If Donald Trump is voted out of office next month, expect the ranks of the Resistance to suddenly swell.
For all the chaos of the last four years, Republican support for President Trump has been steadfast and seemingly unshakable. Now, with Trump trailing in some polls by as many as 15 points, some Republican senators are claiming that they not only never liked him but have quietly done everything they could to thwart him.
Late last week, Senator Ben Sasse of Nebraska lit into Trump for spending “like a drunken sailor,” kissing “dictators’ butts,” flirting “with white supremacists,” disdaining organized religion, and being wildly corrupt. Over the weekend, Senator John Cornyn of Texas got in on the fun, telling the Fort Worth Star-Telegram that he had opposed the president’s spending, border wall, and Covid-19 response. But he claimed he did so privately and in secret, noting that public opposition led to ridicule and barbed tweets.
As for the Trump presidency as a whole, it has been a disappointment. Cornyn said it was “maybe like a lot of women who get married and think they’re going to change their spouse, and that doesn’t usually work out very well.”
Sasse and Cornyn are both in the midst of reelection campaigns that may have influenced their decision to speak up. Sasse, having survived a primary challenge, is coasting toward reelection, which means he can safely say whatever he wants about Trump. Cornyn is fighting off Democrat M.J. Hegar, which means he’s feeling the need to distance himself from Trump’s cratering presidency.
But both are also previewing an absurd line we’ll hear again and again during Biden’s first term, should it come to pass: that Republicans didn’t really back the president. They’ll say they quietly opposed him, even as they voted with him nearly 100 percent of the time and supported him through numerous self-inflicted crises. It’s not a question of if they’ll do this, but when, with Sasse and Cornyn showing us that some Republicans aren’t waiting for the results to come in on Election Day. The big question is whether they will get away with it.
The idea of a secret Trump resistance within the White House and Republican Party has been a minor subplot of the past four years. Bob Woodward’s Fear presented Gary Cohn as the republic’s last line of defense—he would pluck executive orders off the president’s desk, blocking trade wars that would have wrecked relationships with key allies and ratcheted up global tension. One still-anonymous administration official wrote a bombshell New York Times op-ed titled “I am Part of the Resistance Inside the Trump Administration,” as well as a book about the president’s unfitness for office.
A number of people who worked closely with Trump, including former Secretary of State Rex Tillerson and former Chief of Staff John Kelly, have brought their complaints to the press, calling the president everything from “a moron” to “the most flawed person I have ever met in my life.” Miles Taylor, a former Department of Homeland Security official, has appeared in ads for Joe Biden and written a Washington Post op-ed warning that “the country is less secure as a direct result of the president’s actions.”
Accompanying these noble efforts is always a hefty—and usually transparent—amount of ass-covering. Knowing full well the stink of the Trump administration will linger well into the future, these former officials have done their best to make the case that, actually, they were on the side of the good—they just happened to be working for the bad guy.
Still, these people did risk something—though not always a lot—to make the case against Donald Trump. Sasse and Cornyn are more akin to rats fleeing a sinking ship.
There are many things that Sasse and Cornyn could have done, had they really been concerned about the direction Trump was taking.

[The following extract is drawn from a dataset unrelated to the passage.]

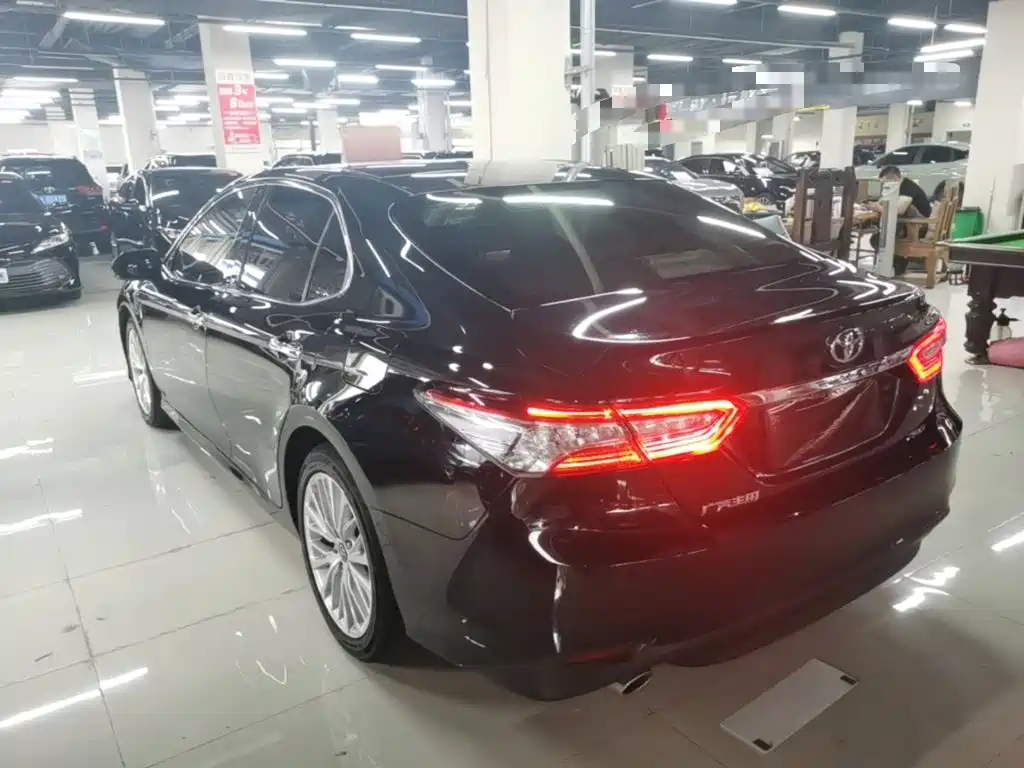 Toyota Camry — фото 4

Both, for instance, voted against calling witnesses during the president’s impeachment trial. According to FiveThirtyEight’s tracker, Cornyn voted with Trump 95 percent of the time, with Sasse towing the line 87 percent of the time. These are hardly the voting records of people agonizing over the fitness of the president. They had leverage, and they failed to use it.

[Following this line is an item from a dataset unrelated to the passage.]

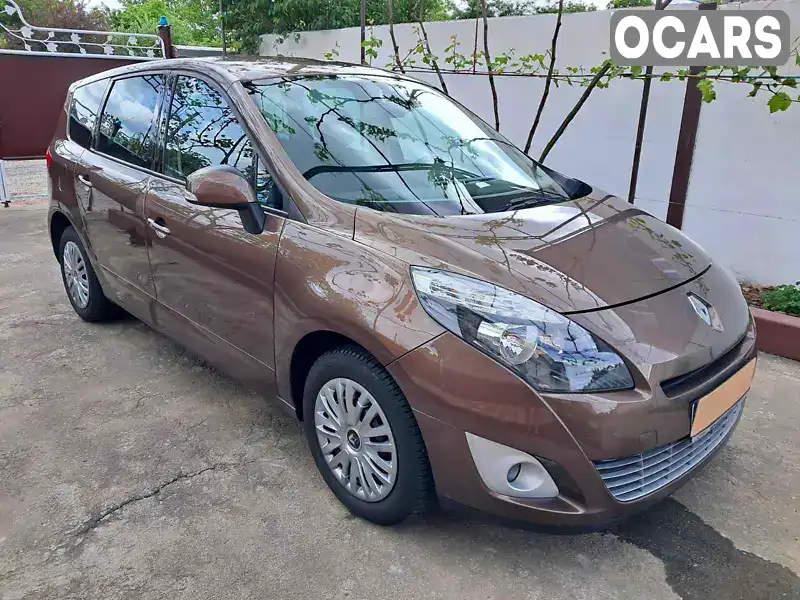 Минивэн Renault Grand Scenic 2009 1.6 л. Ручная / Механика обл. Винницкая, Тульчин - Фото 1/21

The actual history of the Trump era is all about Republican complicity. Republicans like Sasse and Cornyn got what they wanted: tax cuts for corporations and the wealthy and hundreds of conservative judges. Trump got what he wanted: to behave however he wanted with near-total impunity. Trump’s corruption, bigotry, and authoritarianism were all deemed acceptable by the GOP and were veritable planks of the party’s platform.
Sasse, Cornyn, and other Republicans are attempting to gain just enough distance from the president that they can, come January, emerge as principled critics of a President Biden. They can point to comments they made when Trump was trailing in the polls, but still very much in office, as proof that they are not hypocrites. They care deeply about government spending, corruption, and fitness for office—and will resist just about anything a hypothetical Biden administration pushes for on this flimsy premise. They’re preparing to run the same full-court press the Republican Senate ran against Barack Obama in 2009.
That these are people who don’t believe in anything should be patently obvious—all the more so given their sudden reversal on Trump. These reversals have bamboozled the media, which has never really figured out what to do when big-spending Republicans transform into deficit hawks as soon as Democrats take power. But this goes beyond mere hypocrisy: It’s the latest evidence that the entire GOP is unfit to govern and operating in bad faith, which everyone should remember when they start complaining about the next Democratic president.